(DATA EXCERPT)
—————
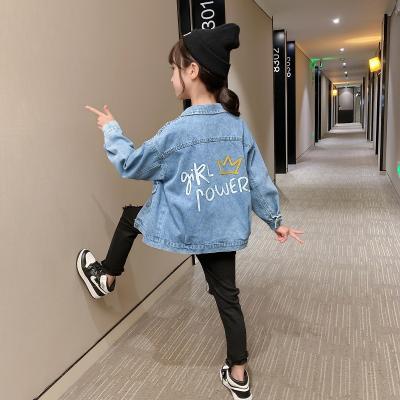 China Autumn Outerwear Girls Coats Children Breathable Denim Clothes Girl Letter Embroidery Sleeve Long Jacket Kids Jeans Clothing for sale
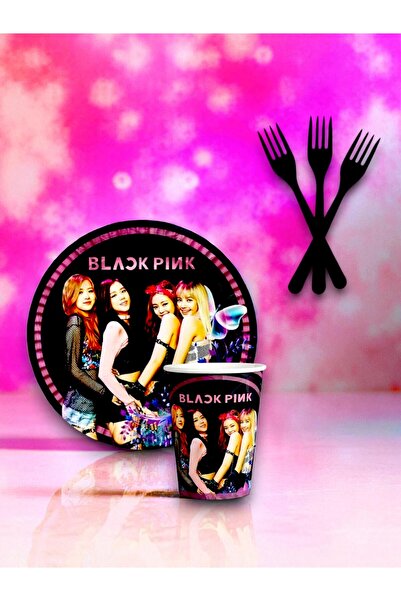 partylady مجموعة أدوات تقديم الطعام ذات الطابع الخاص لفرقة بلاك بينك لـ 8 أشخاص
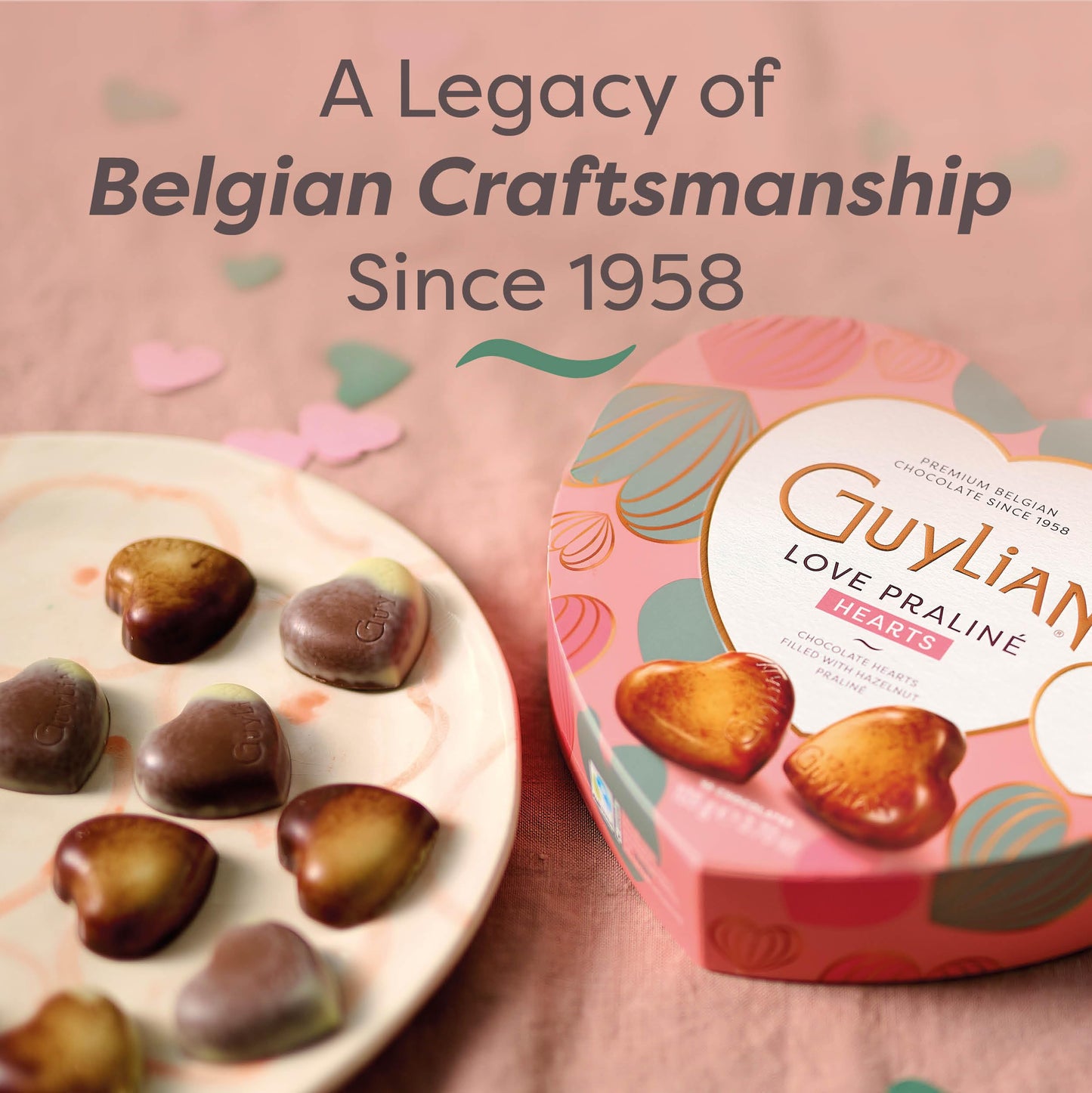 GuyLian Belgian Chocolate Heart Gift Box, 3.7 oz, 10 pc Assorted Praliné Candies, White, Milk & Dark Chocolate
—————
(AIM OF THE EXERCISE)
Leave the pictures out and print the whole listing precisely.

(COMPLETED EXERCISE)
 China Autumn Outerwear Girls Coats Children Breathable Denim Clothes Girl Letter Embroidery Sleeve Long Jacket Kids Jeans Clothing for sale
 partylady مجموعة أدوات تقديم الطعام ذات الطابع الخاص لفرقة بلاك بينك لـ 8 أشخاص
 GuyLian Belgian Chocolate Heart Gift Box, 3.7 oz, 10 pc Assorted Praliné Candies, White, Milk & Dark Chocolate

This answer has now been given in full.